• TASK REQUIREMENTS
The lines below, from the one holding "DuckleBeam - Mid Rise Plain Cargo Shorts" through the final line, are to be copied exactly, with no other lines and no pictures.

Brief descriptive captions:
__________

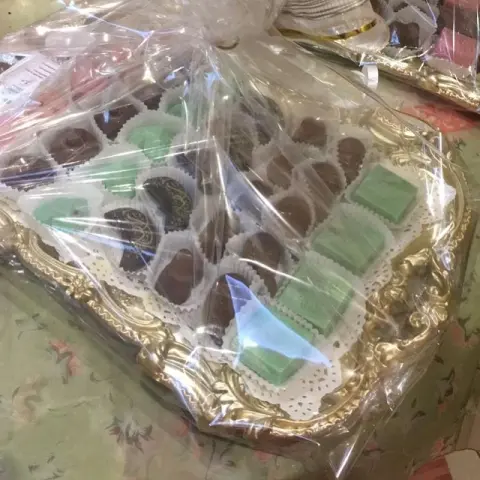 صينيه ذهبيه فيها ٤٠قطعه شكولاته بلجيكي محشيه بحشوات منوعه وشوكولاته مطبوعه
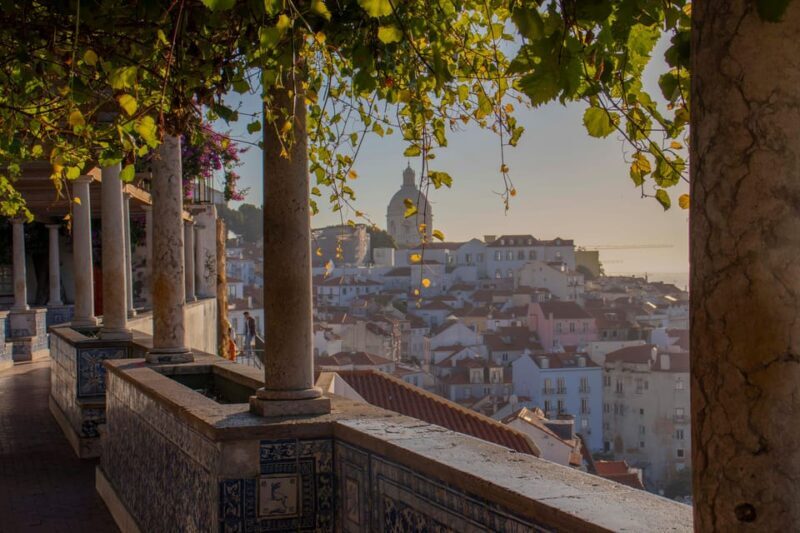 Lisbon: 3h tour in German to all viewpoints with local guide - Transportation and Timing: What You Need to Know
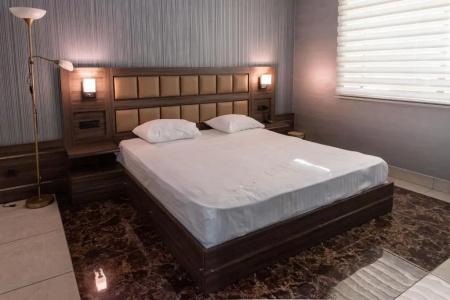 Avan Plaza - 79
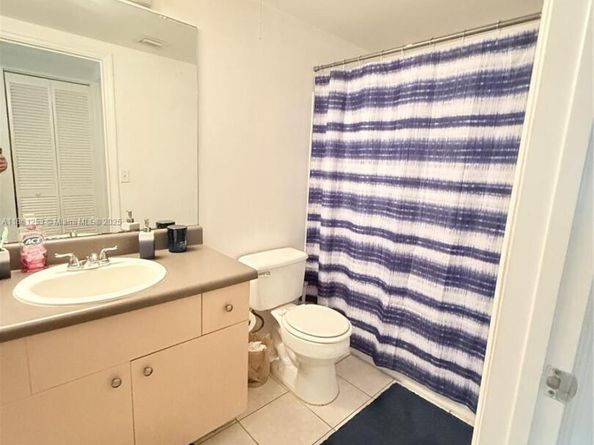 2470 Centergate Dr 101, Miramar FL 33025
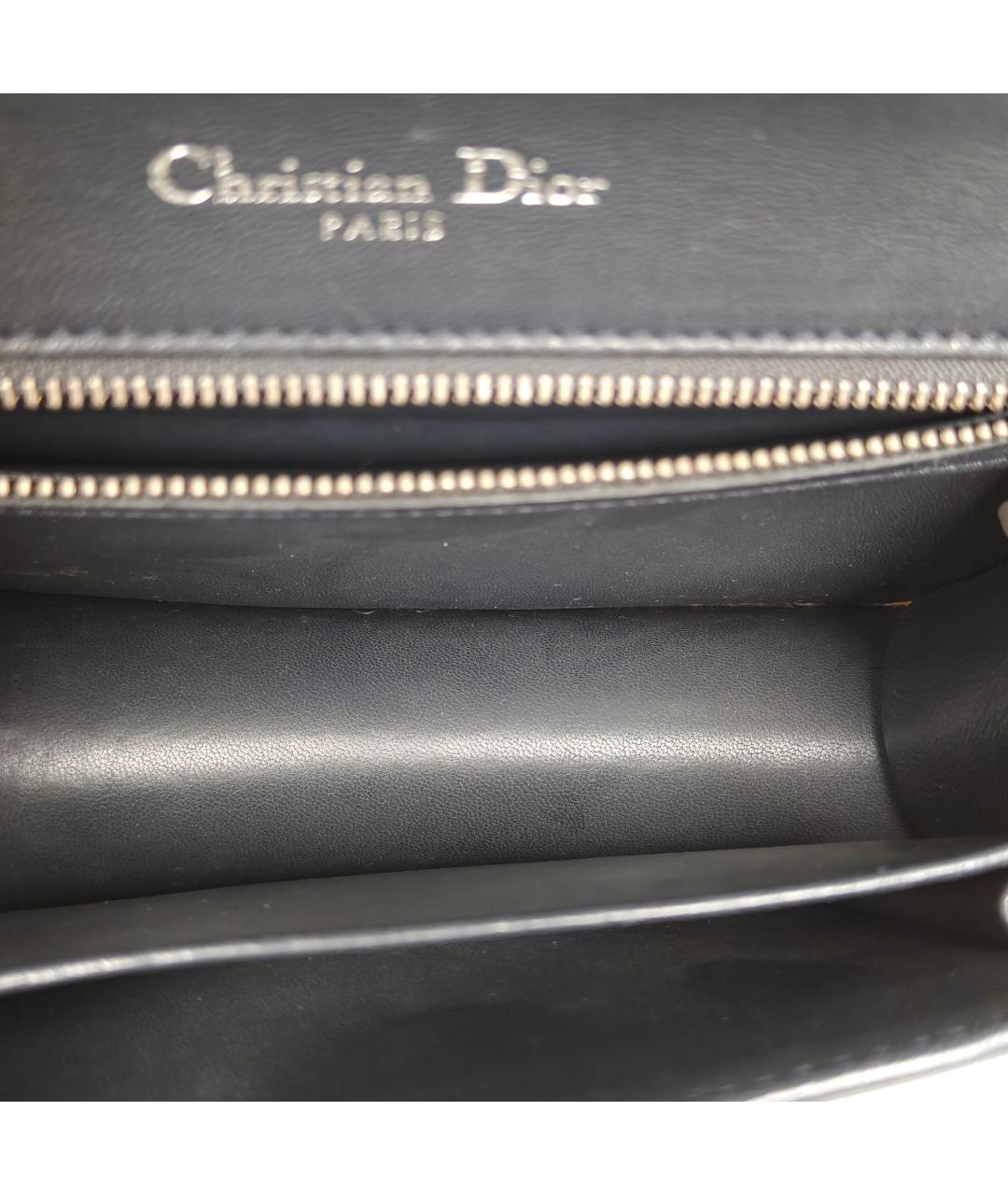 CHRISTIAN DIOR Серебряная сумка через плечо из лакированной кожи, фото 7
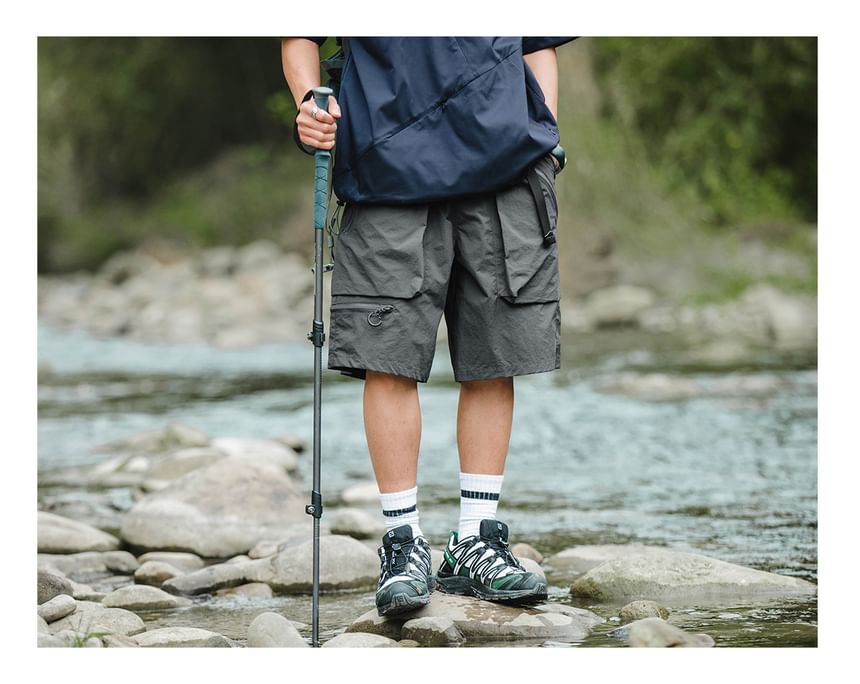 DuckleBeam - Mid Rise Plain Cargo Shorts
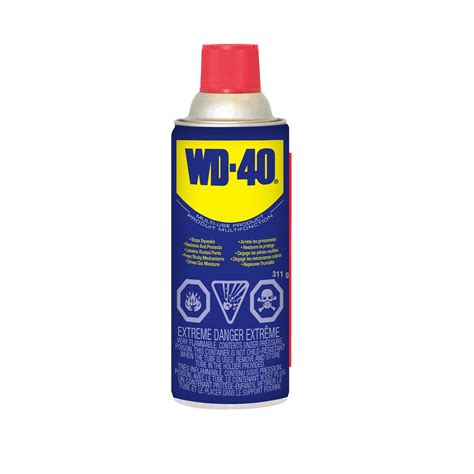 Can WD-40 clean an engine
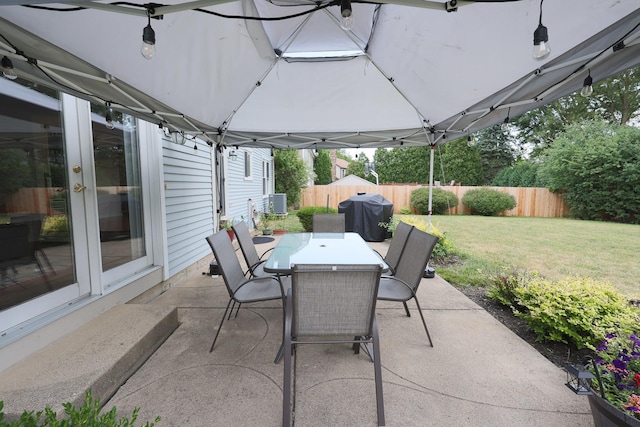 711 W Nichols Rd, Arlington Heights, IL 60004 - view of patio / terrace featuring a grill and outdoor dining area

__________

• EXERCISE ANSWER
 DuckleBeam - Mid Rise Plain Cargo Shorts
 Can WD-40 clean an engine
 711 W Nichols Rd, Arlington Heights, IL 60004 - view of patio / terrace featuring a grill and outdoor dining area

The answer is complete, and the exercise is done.